11.18.2009

Confessions from Confessions of a Shopaholic

I watched the movie Confessions of a Shopaholic tonight. It was quite cute. Of course, I read the book by Sophie Kinsella this past summer, and the movie in no way measured up to the book, but then again, when do movies ever measure up to the books? Never. Anyway, that was a side note. So I watched this movie with my friend Lauren tonight. She just completed her first quarter of graduate school. She is getting her Masters in Curriculum and Instruction with a concentration in Library Science. This was a tough first quarter, but she made it, and I am so proud of her. So we got together tonight for a chick flick and some pizza. We called it a night at about 9:30 since we are both teachers and have to get up early tomorrow morning. We joke all the time about how we are now "old," and all of our friends still go out and stay up late, and we're turning in at what we used to consider ridiculously early hours, haha! Now we can't function unless we're in bed by 10:30! How things have changed. ANYWAY, now I'm back home, and I can't get that movie out of my head. Basically the story is about a girl, Rebecca Bloomwood(charming name, isn't it?) who is out of college and is trying to get her feet under her in the "real world." She takes a journalism job for a magazine called Successful Savings, which is quite contrary to her real passion: shopping. Shopping uncontrollably. In fact, she has already accumulated $16,000 of debt. The movie is about her deciding to grow up, stop running from her creditors, take responsibility, and pay off her credit card loans, all the while finding her true self(and true love) along the way.

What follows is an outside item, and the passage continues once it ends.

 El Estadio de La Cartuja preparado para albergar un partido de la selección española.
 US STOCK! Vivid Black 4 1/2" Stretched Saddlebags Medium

After discovering that he has been deceived about Rebecca's credit card debt, her boss(and true love) at the financial magazine asks her why she continues to shop, why she can't stop even though she knows it's wrong for her to spend money that she does not have. Rebecca Bloomwood tearfully and regretfully states: "Shopping gives me a good feeling. It makes me feel confident and happy. I feel that way for a while, and then that feeling is gone. And I have to go shopping again to make it come back." And you know, I recognized that feeling. Who doesn't? Maybe that's why I can't stop thinking about Rebecca Bloomwood, a young woman who constantly seeks more and more and never has enough, just an ever-increasing feeling of emptiness.
So many times I try to find my self-worth and self-confidence, my happiness and my peace from material possessions that will never satisfy, or from people who will eventually disappoint, or from activities or jobs that will change. The feeling of dissatisfaction just grows. Consequently, our pastor has been preaching a series of sermons over the past several weeks on the book of Ecclesiastes. I was reminded tonight of verses 10&11, 17 of chapter 2: "Whatever my eyes desired I did not keep from them. I did not withhold my heart from any pleasure, for my heart rejoiced in all my labor, and this was my reward from all my labor. Then I looked on all the works which my hands had done and on the labor in which I had toiled, and indeed all was vanity and grasping for the wind. There was no profit in it... Therefore I hated life because all the work that was done under the sun was distressing to me, for all is vanity and grasping for the wind." That's how Rebecca Bloomwood was feeling towards the end of the story. That's how I feel sometimes, too. But, luckily for me, I have read the end of Ecclesiastes, and know where my hope lies. Verse 13 of chapter 12 says, "Let us hear the conclusion of the whole matter: Fear God and keep His commandments, for this is man's all."
Nothing can give us, me, satisfaction, self-worth, confidence, joy, or peace like the Lord my God. He created me with desires and passions, but He did not intend for me to worship them, or for them to fill the space in my heart that only He can fill. He is my everything. He has to be my everything. There is no other way that I was created to survive, to thrive, to live the abundant life that He has planned. There are no substitutions.
At the end of the story, Rebecca Bloomwood discovered herself, she discovered how to have self-control and curb her spending habits, she discovered a man who she could love, and who loved her for who she was and not what she wore. I have discovered all those things, too, but I have one thing that she does not-- the knowledge that my God makes all of this possible, and that His love is more important than all those things I just mentioned-- and THAT makes all the difference between her story and mine.